Siluanov’s struggle for revenues as recession gains steam is now producing measures that outright contradict the price stability mandate from the Bank of Russia and the government’s focus on the cost of living. On February 9, MinFin tightened the conditions for labor migrants to receive or renew legal status to work in Russia. First, their income must match or exceed the so-called subsistence minimum—a figure that varies by region but has been linked to the minimum wage via constitutional amendment since 2020. Second, migrants have to pay their income taxes as an advance not only for themselves, but also for their minor children and dependents if they’re in Russia. Third, they’re expanding the list of professions required to pay income taxes in advance to include anyone working in a personal capacity as staff for an individual or household, and anyone doing such work without a permit. These advances are formulated as monthly charges, with the fixed charges running higher for those who do not currently have permits.

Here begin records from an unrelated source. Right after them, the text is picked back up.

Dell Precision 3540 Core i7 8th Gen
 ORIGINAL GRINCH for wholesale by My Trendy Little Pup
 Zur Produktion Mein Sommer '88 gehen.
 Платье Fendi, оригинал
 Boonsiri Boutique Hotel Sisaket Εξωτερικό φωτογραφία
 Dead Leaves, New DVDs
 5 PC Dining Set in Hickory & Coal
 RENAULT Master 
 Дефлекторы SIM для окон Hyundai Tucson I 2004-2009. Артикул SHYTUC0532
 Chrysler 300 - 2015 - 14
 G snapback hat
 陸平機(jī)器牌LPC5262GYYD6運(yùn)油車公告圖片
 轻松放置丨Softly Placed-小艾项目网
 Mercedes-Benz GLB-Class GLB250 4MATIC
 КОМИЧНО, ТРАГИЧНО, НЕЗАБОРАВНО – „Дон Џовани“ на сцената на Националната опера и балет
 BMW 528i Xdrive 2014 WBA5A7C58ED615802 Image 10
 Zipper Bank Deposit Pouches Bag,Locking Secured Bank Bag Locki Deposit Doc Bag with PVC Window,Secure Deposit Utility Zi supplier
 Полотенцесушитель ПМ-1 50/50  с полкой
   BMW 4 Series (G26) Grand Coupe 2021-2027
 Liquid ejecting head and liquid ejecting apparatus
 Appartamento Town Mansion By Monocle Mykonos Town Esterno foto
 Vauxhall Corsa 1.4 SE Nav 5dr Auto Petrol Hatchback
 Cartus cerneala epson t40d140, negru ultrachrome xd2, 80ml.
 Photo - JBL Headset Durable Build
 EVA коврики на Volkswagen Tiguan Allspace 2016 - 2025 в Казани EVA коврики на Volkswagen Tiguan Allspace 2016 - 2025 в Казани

Since the regime intends to squeeze migrant laborers for more revenue, it must formalize their labor and prevent them from undercutting legally mandated wage minimums—as is common practice in sectors like construction. By default, that raises costs for businesses that have built profits off labor they can exploit. Those costs are passed on to consumers via higher prices. All this returns us to the initial premise of the latest effort to foster competition and reduce regulatory burdens for key sectors. The cabinet is simultaneously trying to help SMEs survive a downturn, reduce the cost of food, medicine, and key goods for the public, and expand the tax base on the backs of the migrant labor needed to meet the needs of an economy losing 30,000 or more working-age men (dead) and thousands more wounded at the front every month. And somehow, businesses are expected to resume plowing money into capex when the state is slashing infrastructure investments and depleting the physical and human capital stock upon which future growth rests.